# PROVIDED RECORDS
Start of Block

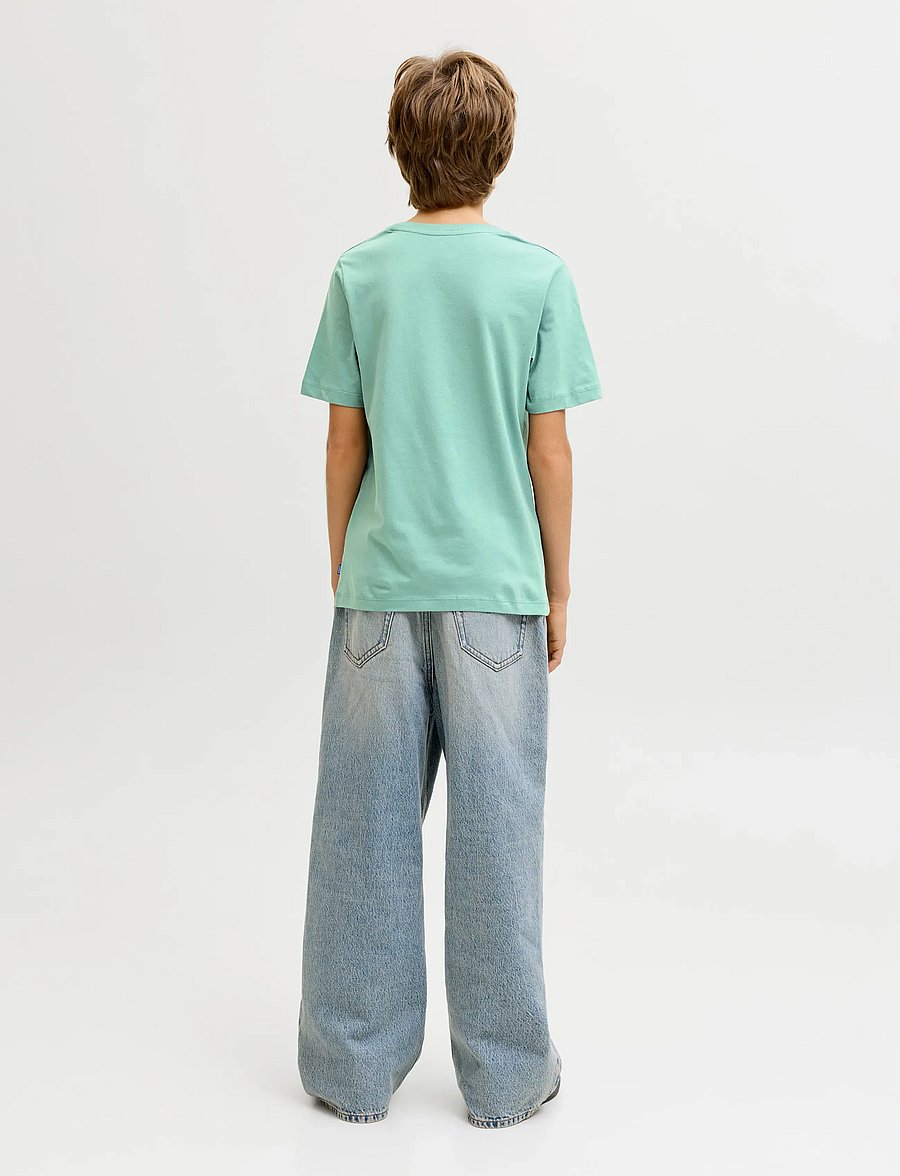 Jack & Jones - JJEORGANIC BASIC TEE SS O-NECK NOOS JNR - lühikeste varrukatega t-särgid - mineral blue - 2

End of Block
Start of Block

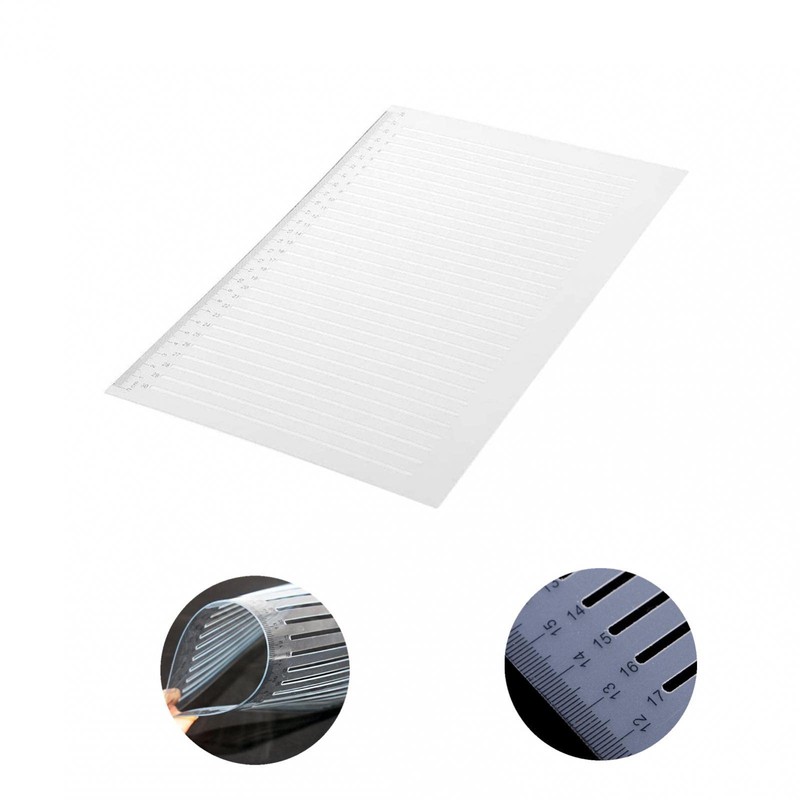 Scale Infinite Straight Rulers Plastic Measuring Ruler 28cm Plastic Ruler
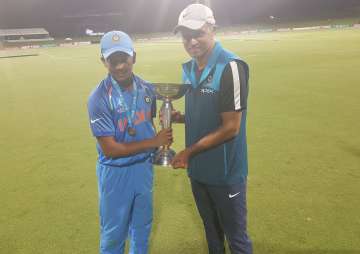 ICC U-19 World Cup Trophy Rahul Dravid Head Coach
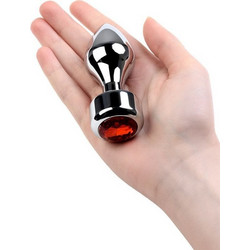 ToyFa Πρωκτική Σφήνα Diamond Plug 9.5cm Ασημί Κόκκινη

End of Block

# YOUR ASSIGNMENT
Using the data above, set down each line from the line with "ICC U-19 World" to the line with "ToyFa Πρωκτική Σφήνα" exactly, both ends included, and leave the pictures behind. Nothing else belongs.

# OUTPUT
 ICC U-19 World Cup Trophy Rahul Dravid Head Coach
 ToyFa Πρωκτική Σφήνα Diamond Plug 9.5cm Ασημί Κόκκινη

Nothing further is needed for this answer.